I am trying to use fine contrast and microcontrast in the same way that I used to use texture and clarity in Lightroom Classic. I am finding that even very small adjustments in microcontrast cause too much saturation in some images causing horrible colour changes (bright green flecks on the back of a white throated kingfisher just ain’t right!!) and there doesn’t appear to be an easy way of correcting it other than fiddling around in the HSL panel to isolate and reduce it. This happens both in both global and local adjustments and it is driving me mad. I also don’t have the benefit of the advanced contrast settings in the local adjustments so I cannot try that although it doesn’t help in the global adjustment so I figure it won’t help in the local one anyway. Am I thinking about this in the wrong way or am I using these adjustments when I should be using something else? I just want to increase the perception of detail in the bird rather than the whole image.
I’m not sure how to understand what you’re seeing. Are you zoomed in sufficiently for the image viewer to correctly render colors and fine detail? Are you also using Soft Proofing to ensure that what you see is what will be exported? And what are your Color Rendering settings? (You can protect saturated colors there, too.)
Thanks for coming back to me - I had closed PL9 but re-opened it to try what you suggested and the problem has gone - maybe it was a resources issue as I did have Lightroom open at the same time. Now I can ‘t reproduce the problem!!! Which is good I guess ![]()
I will try that color rendering setting if it happens again and will report back.

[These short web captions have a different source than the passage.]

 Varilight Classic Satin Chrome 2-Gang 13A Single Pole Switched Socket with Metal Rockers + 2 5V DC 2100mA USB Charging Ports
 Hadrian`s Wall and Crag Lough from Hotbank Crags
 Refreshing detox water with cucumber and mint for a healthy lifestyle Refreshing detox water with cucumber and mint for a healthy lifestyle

That’s a good and important recommendation … There’s no downside to having Soft Proofing always set ON - - That way you’ll be sure to have W-Y-S-I-W-Y-G.

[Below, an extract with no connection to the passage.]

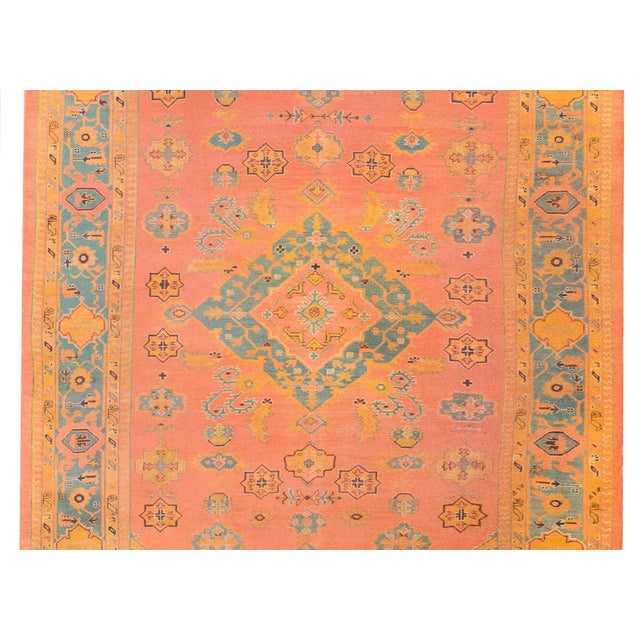 Textile Early 20th Century Turkish Oushak Rug For Sale - Image 7 of 15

Hmmmm…. don’t agree what that but thanks for the input - it’s an interesting suggestion.
As you don’t agree with the suggestion of having soft-proofing permanently on, could you please elaborate on your concerns? I don’t have this setting turned on myself, but wonder what your experiences might be. Thanks in advance.

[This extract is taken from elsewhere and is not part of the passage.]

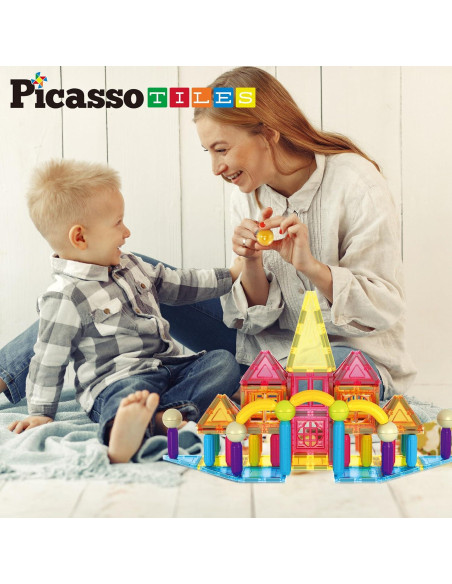 PicassoTiles Set de Bloques Magnéticos 82 Piezas para Niños 3+ PicassoTiles Set de Bloques Magnéticos 82 Piezas para Niños 3+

Hi Mary - - See here for more details … Particularly, note item #4.
John M
Thanks John-M, that helps!
Neither do I. Yet I still mange to get prints that match what I see on screen.
Mind you, I do have a wide gamut monitor (100% Adobe RGB) that can be hardware calibrated and profiled and I never use PhotoLab’s print feature. I export a 16bit TIFF with and embedded Adobe RGB profile and then print that using either Affinity Photo 2 or an ancient version of Photoshop.